Federal Reserve Governor Powell Suggests Small Banks Should be Exempt from Volcker Rule and Incentive Compensation Limits

Federal Reserve Board Governor Jerome H. Powell addressed the Annual Community Bank Conference, which was held last week in New York City and sponsored by the Federal Reserve Bank of New York. Governor Powell’s remarks focused on ways that the Federal Reserve System has tailored its supervisory approach to meet the needs of community banking organizations. Notably, he suggested that banks under a certain asset threshold of “perhaps . . . $10 billion” should not be subject to the Volcker rule or to rules related to incentive-based compensation that the federal bank regulators are required by the Dodd-Frank Act to develop.

DOL Extends Comment Period on Fiduciary Rule Proposal

The Department of Labor will give interested parties an additional 15 days, until July 21, to comment on its proposed rulemaking, including a definition of the term “fiduciary,” a conflict of interest rule for retirement investments, new exemptions and related amendments, which was discussed in the April 15, 2015 Roundup. A public hearing on the proposal is scheduled for August 10.

Enforcement & Litigation

SEC Settles with Variable Insurance Product Provider Over Daily Prices Assigned Orders Received at P.O. Boxes

The SEC announced that it had settled administrative proceedings against Nationwide Life Insurance Company with respect to the SEC’s findings that the firm had violated the pricing requirements of Rule 22c-1 under the Investment Company Act of 1940 in its daily processing of purchase and redemption orders for variable insurance products and their underlying mutual funds. The SEC found that from October 1995 through September 2011, Nationwide intentionally delayed receiving purchase and sale orders for its variable insurance products delivered to certain Post Office boxes until after the 4 p.m. cut-off time for the current day’s price, thereby causing those orders to receive the next business day’s price. Nationwide agreed to pay an $8 million civil penalty. In the Matter of Nationwide Life Insurance Company, SEC Rel. No. IC-31601 (May 14, 2015).

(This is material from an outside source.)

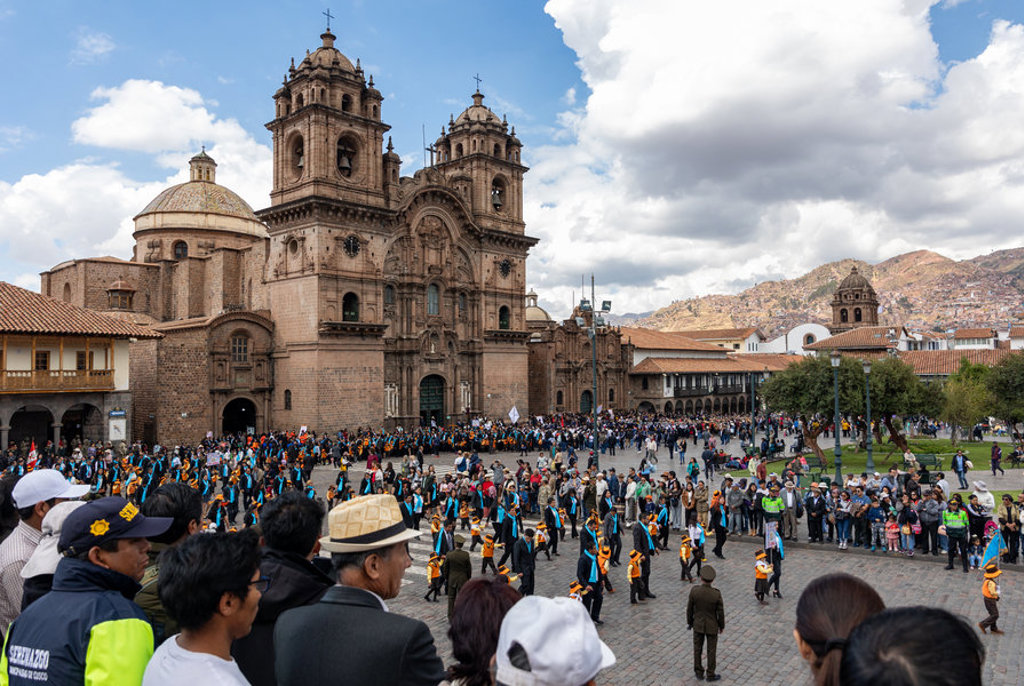 Drukke Plaza de Armas in Cusco met de kathedraal en een optocht, tijdens groepsrondreis Peru Hoogtepunten.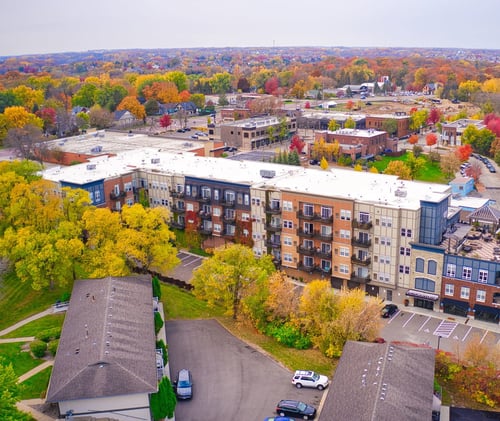 Aerial view of an apartment complex surrounded by fall trees at Victoria Flats Logo in Victoria, MN 55386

SEC Settles with Adviser Over Failure to Correct Inspection Deficiencies

The SEC settled administrative proceedings against Trust & Investment Advisors, Inc., a registered investment adviser, Larry K. Pitts, its CEO and owner, and George M. Prugh, its CFO, over SEC findings that, contrary to representations made to SEC examination staff, the firm had failed by the time of a 2011 examination to correct deficiencies identified in 2005 and 2007 on-site examinations, including failure to complete an annual compliance review or develop a compliance manual and use of misleading statements in marketing materials. In the course of its investigation, the SEC staff found that the adviser had made additional misleading statements in its marketing materials. The adviser agreed to retain a compliance consultant and, jointly and severally with Pitts, to pay a $50,000 civil penalty. Pitts and Prugh agreed to complete 30 hours of compliance training. Prugh agreed to pay a $10,000 civil penalty. In the Matter of Trust & Investment Advisors, Inc., Larry K. Pitts and George M. Prugh, SEC Rel. No. IA – 4087 (May 18, 2015).

FINRA Fines Firm for Short Sale Violations

FINRA announced that it had reached a settlement with Morgan Stanley & Co. LLC over FINRA’s findings that the firm had violated short interest reporting requirements and improperly included positions from the accounts of non-broker-dealer affiliates in a number of aggregation units when determining each unit’s net position under Reg. SHO. The firm agreed to pay a $2 million fine.